■ **What you are asked to do**
Write out exactly the lines from the one that contains "iPhone® W/Red Font" down to the last line of the material below, keeping both ends and omitting pictures.

■ **Dataset extract**
········
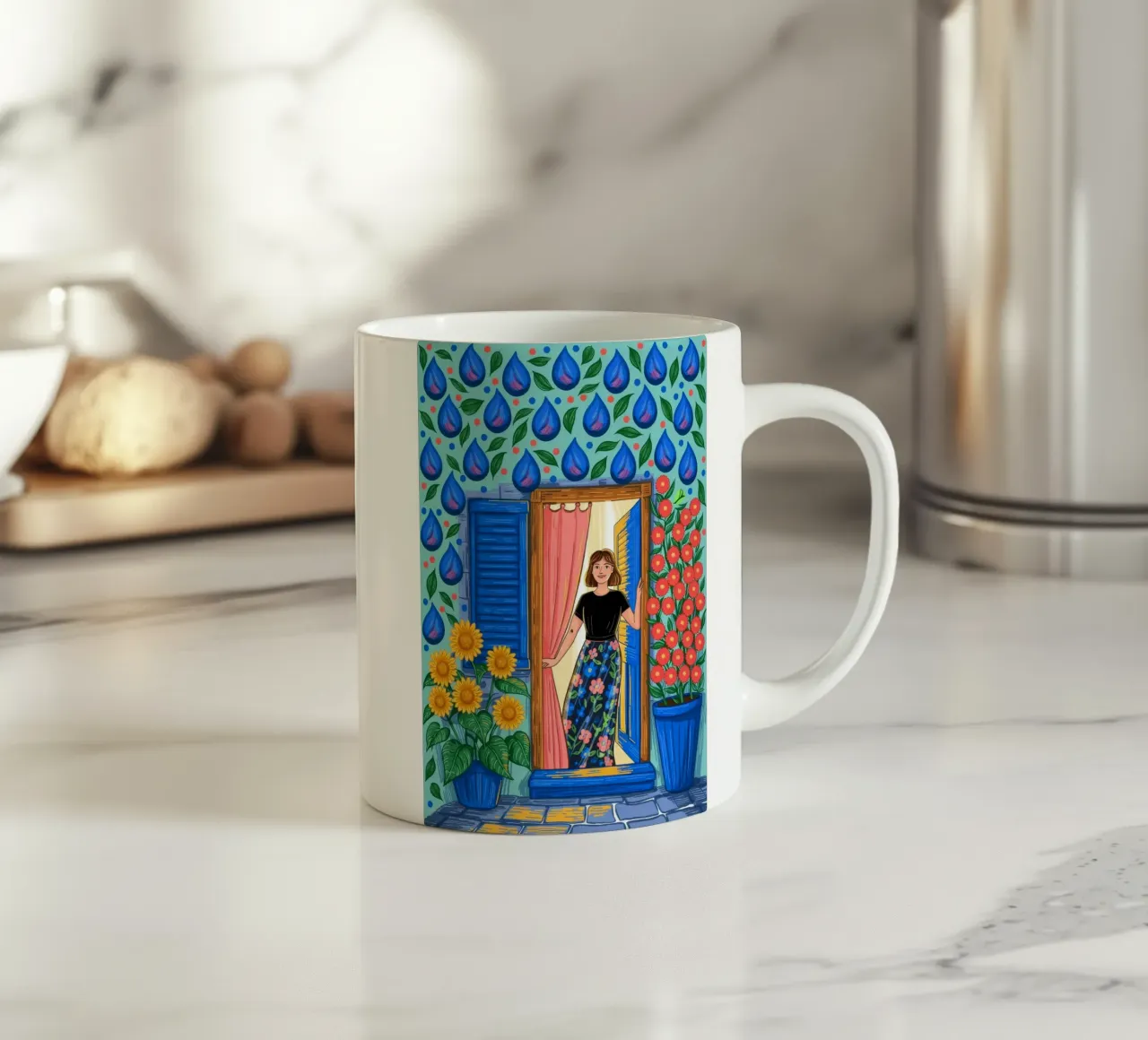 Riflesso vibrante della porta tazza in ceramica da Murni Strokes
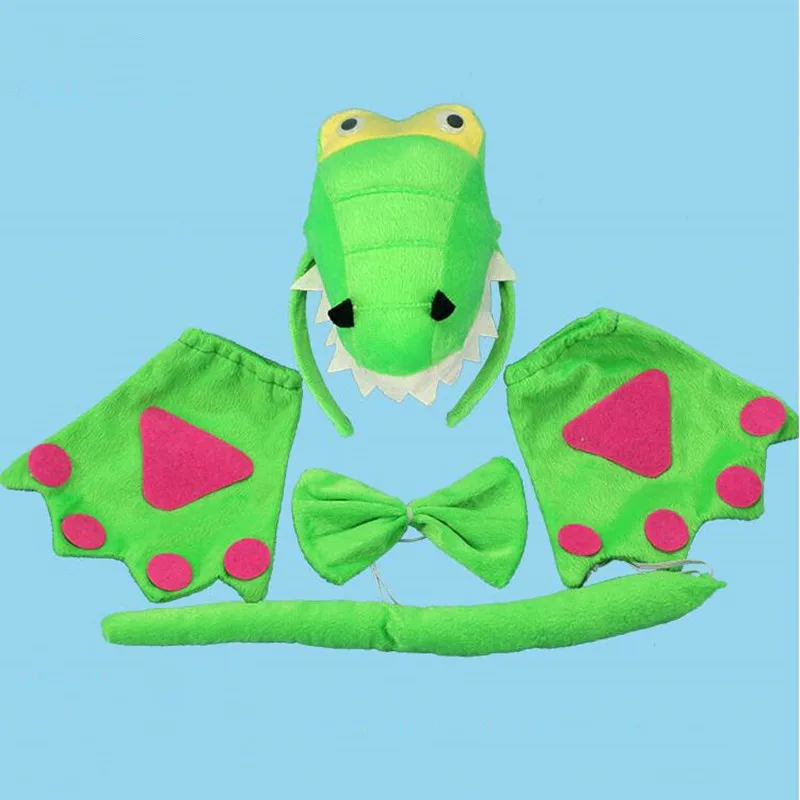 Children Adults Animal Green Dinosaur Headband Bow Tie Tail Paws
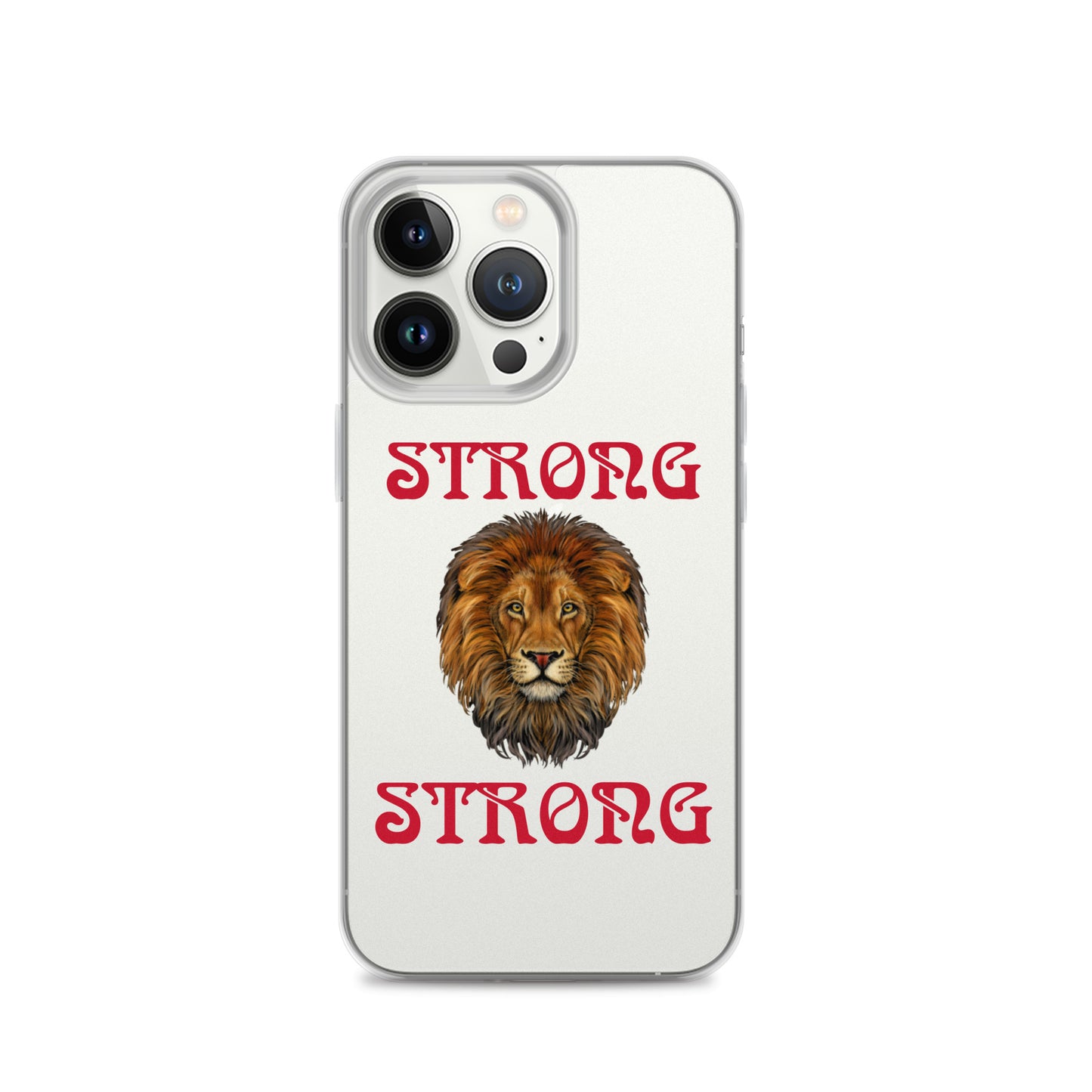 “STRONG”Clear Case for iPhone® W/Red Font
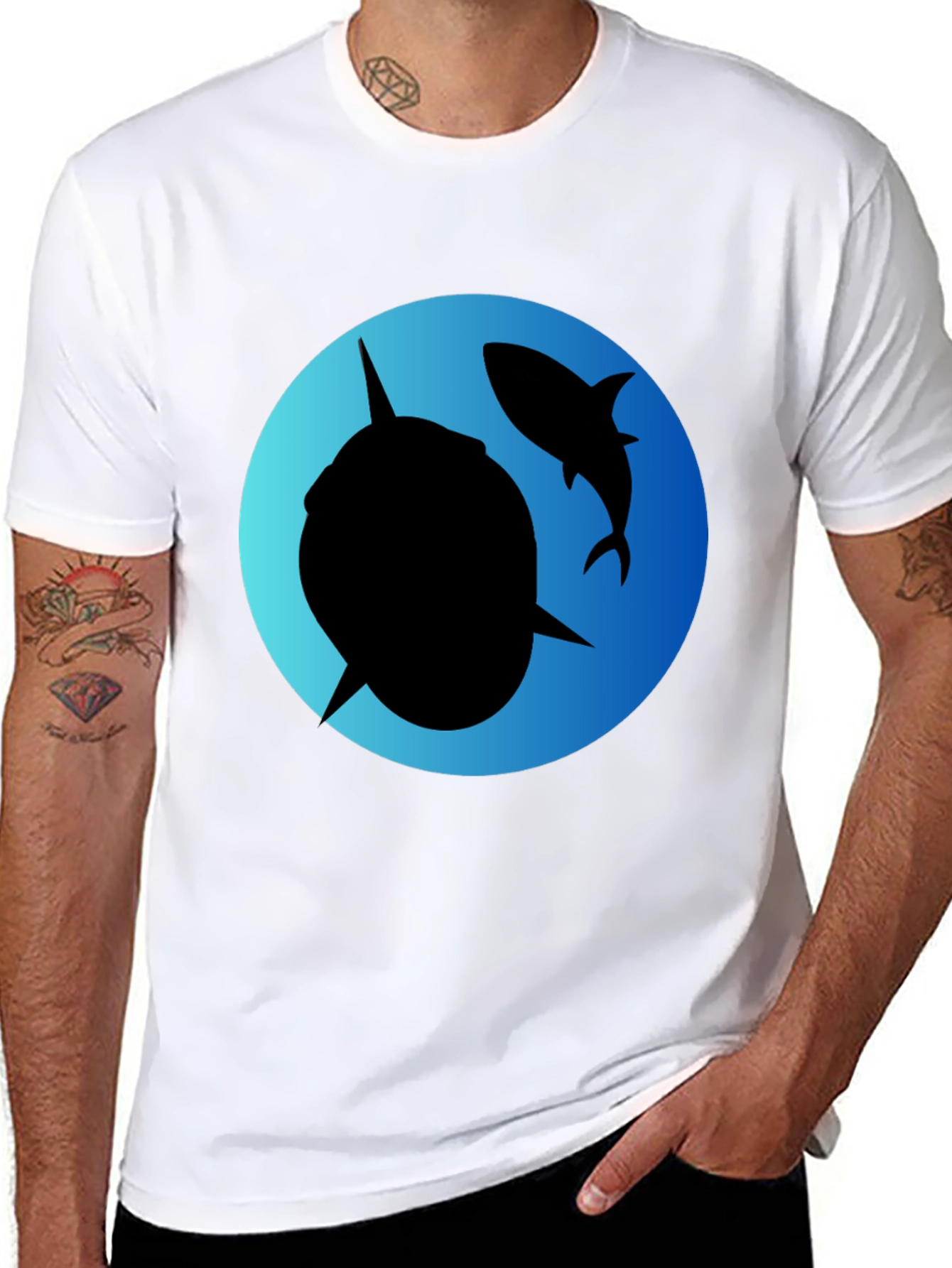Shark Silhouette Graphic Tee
········
■ **Answer for the task**
 “STRONG”Clear Case for iPhone® W/Red Font
Shark Silhouette Graphic Tee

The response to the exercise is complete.